Warning, this is for statistical pedants only.

To recap, the results on the Higgs are communicated in terms of the numbers of sigmas, which has been calculated by the teams from what is generally (outside the world of CERN) termed a P-value: the probability of observing such an extreme result, were there not really anything going on. 5-sigmas corresponds to around a 1 in 3,500,000 chance. This tiny probability is applied to the data, but the common misinterpretation is to apply it to the explanation, and to say that there is only 1 in 3,500,000 probability that the results were just a statistical fluke, or some similar phrase. This distinction may seem pedantic, but as covered in numerous articles and blogs (see for example Carlisle Rainey), it is important.

The reports from the CERN teams were very clear: the CMS team said

“CMS observes an excess of events at a mass of approximately 125 GeV with a statistical significance of five standard deviations (5 sigma) above background expectations. The probability of the background alone fluctuating up by this amount or more is about one in three million.”

while the ATLAS group reported

“A statistical combination of these channels and others puts the significance of the signal at 5 sigma, meaning that only one experiment in three million would see an apparent signal this strong in a universe without a Higgs.”

However the CERN Press release does not give any help with the interpretation, and just says

“We observe in our data clear signs of a new particle, at the level of 5 sigma, in the mass region around 126 GeV."

How did everyone else do?

The BBC did very well. Tom Feilden got it dead right on the Today programme, and on the BBC website Paul Rincon said

“They claimed that by combining two data sets, they had attained a confidence level just at the "five-sigma" point - about a one-in-3.5 million chance that the signal they see would appear if there were no Higgs particle.”

In the explanation they say

“The number of sigmas measures how unlikely it is to get a certain experimental result as a matter of chance rather than due to a real effect”

which is ambiguous, but would be improved by a comma after 'result'.

The Numbers Guy (Carl Blalik) in the Wall Street Journal provides a nice explanation of the issue, saying of the '1 in 3.5 million chance'

That is not the probability that the Higgs boson doesn't exist. It is, rather, the inverse: If the particle doesn't exist, one in 3.5 million is the chance an experiment just like the one announced this week would nevertheless come up with a result appearing to confirm it does exist.

although the additional statement is not so good:

In other words, one in 3.5 million is the likelihood of finding a false positive—a fluke produced by random statistical fluctuation

which puts the probability on the explanation ('fluke') rather than the data.

As far as I can see, every other news source gets the interpretation wrong - see also examples in Carlisle Rainey's blog. The New York Times

Both groups said that the likelihood that their signal was a result of a chance fluctuation was less than one chance in 3.5 million, “five sigma,” which is the gold standard in physics for a discovery.

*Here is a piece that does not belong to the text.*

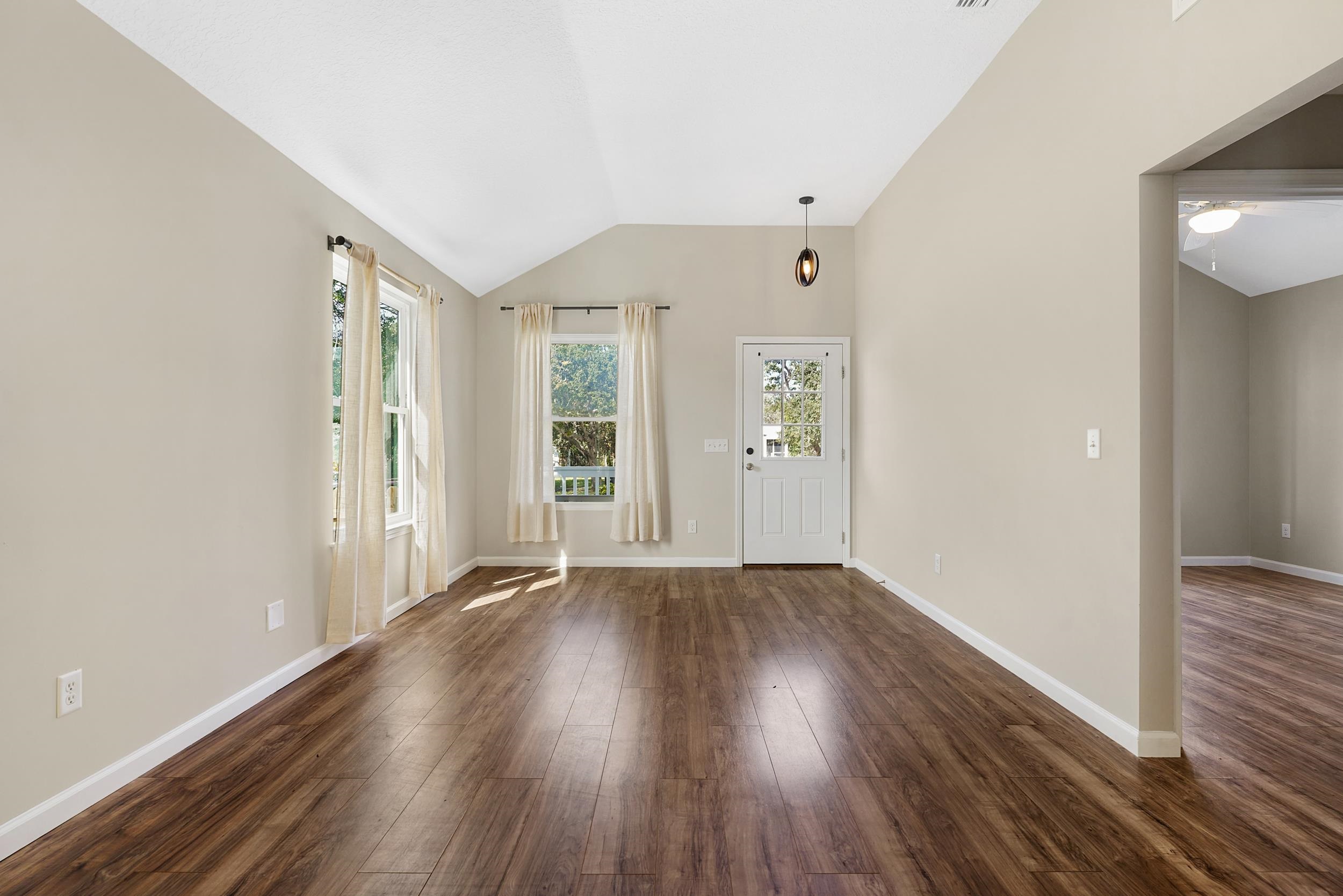 231 Majorca Road St. Augustine, FL 32080 - Photo 6 of 33 wooden floor in an empty room with a window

The Daily Telegraph reported

Dr James Gillies, Cern’s communications director, says that talk of a discovery is “premature” and that any event would need to reach the “five sigma” level, an expression of statistical significance used by physicists, meaning it is 99.99997 per cent likely to be genuine rather than a fluke.

which I hope was not a quote from Cern’s communications director.

The Independent was typical

meaning that there is less than a one in a million chance that their results are a statistical fluke.

but I expected better from New Scientist, with their

There's a 5-in-10 million chance that this is a fluke.

Live Science had

The level of significance called sigma found for the new particle in the ATLAS experiment. A 5 sigma means there is only a 1 in 3.5 million chance the signal isn't real.

while Forbes Magazine reported

The chances are less than 1 in a million that it’s not the Higgs boson.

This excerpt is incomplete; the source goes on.